9. The storage location should have capacity to support a long history of backups to ensure a clean copy is in place. This is especially critical for recovery from ransomware attacks.
10. The solution must be designed for resiliency against attacks.Optionally, the following requirements can also be considered:
11. All interactions against the backup target should be accessible via API only. In other words, the inability to access the user interface should not interfere with the backup operation and the management of the solution.
Design Details
1. To help ensure all data transfer to and from Google Cloud Storage is private and secured, an Interconnect (recommended for production) or VPN (sufficient for dev or small bandwidth requirements) should be established between on-premise and Google Cloud. IPSec tunnel can optionally be used to encrypt the connectivity.
- To support the air-gapped requirement, either disconnect the Interconnect/VPN from the on-premise router or at the Cloud Router, or both. This disconnection can be done programmatically through gcloud CLI or Terraform.
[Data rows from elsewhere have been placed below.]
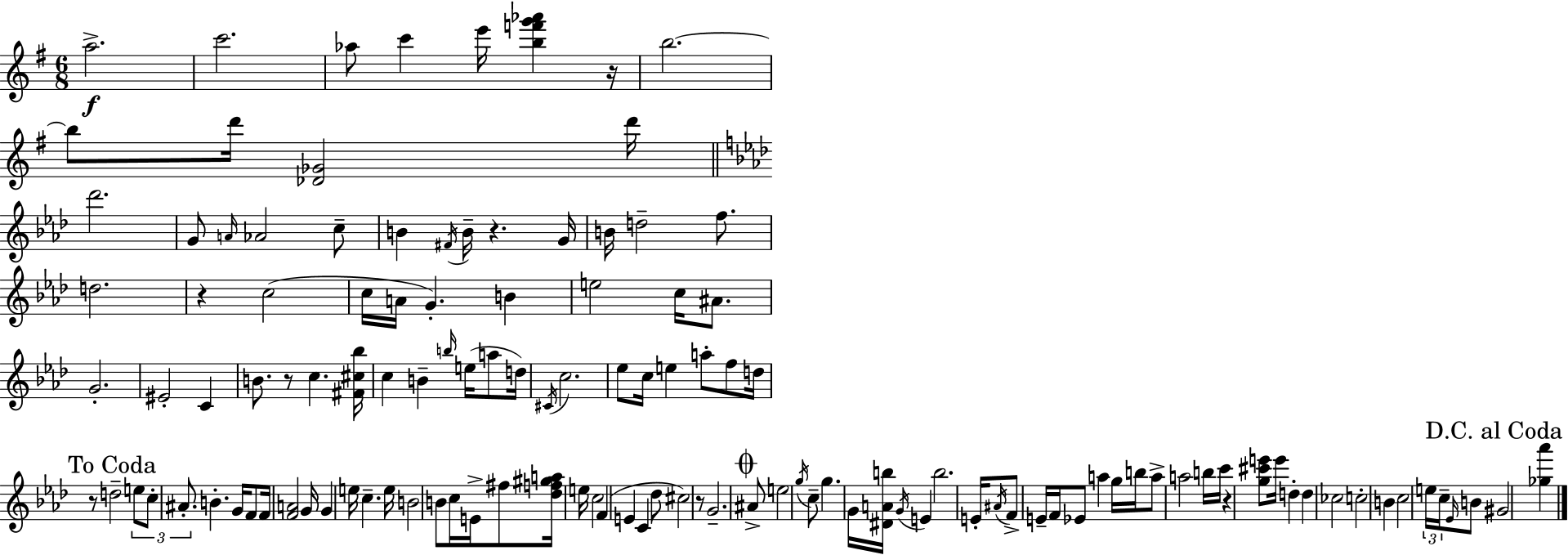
{
  \clef treble
  \numericTimeSignature
  \time 6/8
  \key g \major
  \repeat volta 2 { a''2.->\f | c'''2. | aes''8 c'''4 e'''16 <b'' f''' g''' aes'''>4 r16 | b''2.~~ | \break b''8 d'''16 <des' ges'>2 d'''16 | \bar "||" \break \key aes \major des'''2. | g'8 \grace { a'16 } aes'2 c''8-- | b'4 \acciaccatura { fis'16 } b'16-- r4. | g'16 b'16 d''2-- f''8. | \break d''2. | r4 c''2( | c''16 a'16 g'4.-.) b'4 | e''2 c''16 ais'8. | \break g'2.-. | eis'2-. c'4 | b'8. r8 c''4. | <fis' cis'' bes''>16 c''4 b'4-- \grace { b''16 }( e''16 | \break a''8 d''16) \acciaccatura { cis'16 } c''2. | ees''8 c''16 e''4 a''8-. | f''8 d''16 \mark "To Coda" r8 d''2-- | \tuplet 3/2 { e''8 c''8-. ais'8.-. } b'4.-. | \break g'16 f'8 f'16 <f' a'>2 | g'16 g'4 e''16 c''4.-- | e''16 b'2 | b'8 c''16 e'16-> fis''8 <des'' f'' gis'' a''>16 e''16 c''2 | \break f'4( e'4 | c'4 des''8 cis''2) | r8 g'2.-- | \mark \markup { \musicglyph "scripts.coda" } ais'8-> e''2 | \break \acciaccatura { g''16 } c''8-- g''4. g'16 | <dis' a' b''>16 \acciaccatura { g'16 } e'4 b''2. | e'16-. \acciaccatura { ais'16 } f'8-> e'16-- f'16 | ees'8 a''4 g''16 b''16 a''8-> a''2 | \break b''16 c'''16 r4 | <g'' cis''' e'''>8 e'''16 d''4-. d''4 ces''2 | c''2-. | b'4 c''2 | \break \tuplet 3/2 { e''16 c''16-- \grace { ees'16 } } b'8 \mark "D.C. al Coda" gis'2 | <ges'' aes'''>4 } \bar "|."
}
Combining it with Cloud Schedule, on-premise cron job, or any scheduler to disconnect the Interconnect at a specified time or on a scheduled and recurring basis.
2. To protect against data exfiltration risks, Google Cloud supports the concepts of VPC Service Control, which allows a security perimeter to be established around a project, network, and/or services so that network communication is constrained within such perimeter. This perimeter provides an additional layer of security protection that complement role based access control provided by Identity and Access Management (IAM), and more importantly, this protection can work with managed services that do not have a fixed IP/port range, which is something that a network firewall can protect with ease.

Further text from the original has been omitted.